▽
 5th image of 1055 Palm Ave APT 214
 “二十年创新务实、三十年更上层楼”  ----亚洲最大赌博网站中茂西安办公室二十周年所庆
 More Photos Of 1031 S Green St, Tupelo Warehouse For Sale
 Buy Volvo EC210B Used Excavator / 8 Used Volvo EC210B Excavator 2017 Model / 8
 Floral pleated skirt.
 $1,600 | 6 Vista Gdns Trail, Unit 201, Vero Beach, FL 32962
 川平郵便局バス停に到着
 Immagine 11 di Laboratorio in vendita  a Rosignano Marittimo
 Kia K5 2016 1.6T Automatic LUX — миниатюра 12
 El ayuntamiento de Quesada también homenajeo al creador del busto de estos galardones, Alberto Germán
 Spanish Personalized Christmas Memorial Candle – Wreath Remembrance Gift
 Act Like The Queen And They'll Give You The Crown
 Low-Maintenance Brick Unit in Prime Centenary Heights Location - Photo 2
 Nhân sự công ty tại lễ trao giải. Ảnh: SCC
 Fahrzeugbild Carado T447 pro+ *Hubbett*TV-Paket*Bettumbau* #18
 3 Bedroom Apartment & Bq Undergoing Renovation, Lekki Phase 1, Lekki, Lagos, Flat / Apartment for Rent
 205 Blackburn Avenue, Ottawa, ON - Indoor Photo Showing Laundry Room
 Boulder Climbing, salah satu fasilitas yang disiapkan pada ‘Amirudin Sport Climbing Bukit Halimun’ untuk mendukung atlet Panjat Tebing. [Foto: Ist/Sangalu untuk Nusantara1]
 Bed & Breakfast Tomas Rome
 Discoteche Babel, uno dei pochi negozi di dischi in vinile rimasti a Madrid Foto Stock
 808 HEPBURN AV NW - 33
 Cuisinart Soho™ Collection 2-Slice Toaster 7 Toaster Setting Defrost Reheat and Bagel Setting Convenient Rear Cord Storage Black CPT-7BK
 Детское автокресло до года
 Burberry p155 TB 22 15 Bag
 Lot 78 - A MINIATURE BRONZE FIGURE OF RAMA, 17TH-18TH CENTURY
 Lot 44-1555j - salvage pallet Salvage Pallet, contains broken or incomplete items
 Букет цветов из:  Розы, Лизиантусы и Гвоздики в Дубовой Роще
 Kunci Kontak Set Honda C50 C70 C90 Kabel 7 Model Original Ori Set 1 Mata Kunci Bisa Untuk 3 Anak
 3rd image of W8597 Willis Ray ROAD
△
• WORK INSTRUCTION:
Copy, with no alteration, the line that contains "Lot 44-1555j - salvage" and each remaining line of the listing above.

• SOLVED EXERCISE:
 Lot 44-1555j - salvage pallet Salvage Pallet, contains broken or incomplete items
 Букет цветов из:  Розы, Лизиантусы и Гвоздики в Дубовой Роще
 Kunci Kontak Set Honda C50 C70 C90 Kabel 7 Model Original Ori Set 1 Mata Kunci Bisa Untuk 3 Anak
 3rd image of W8597 Willis Ray ROAD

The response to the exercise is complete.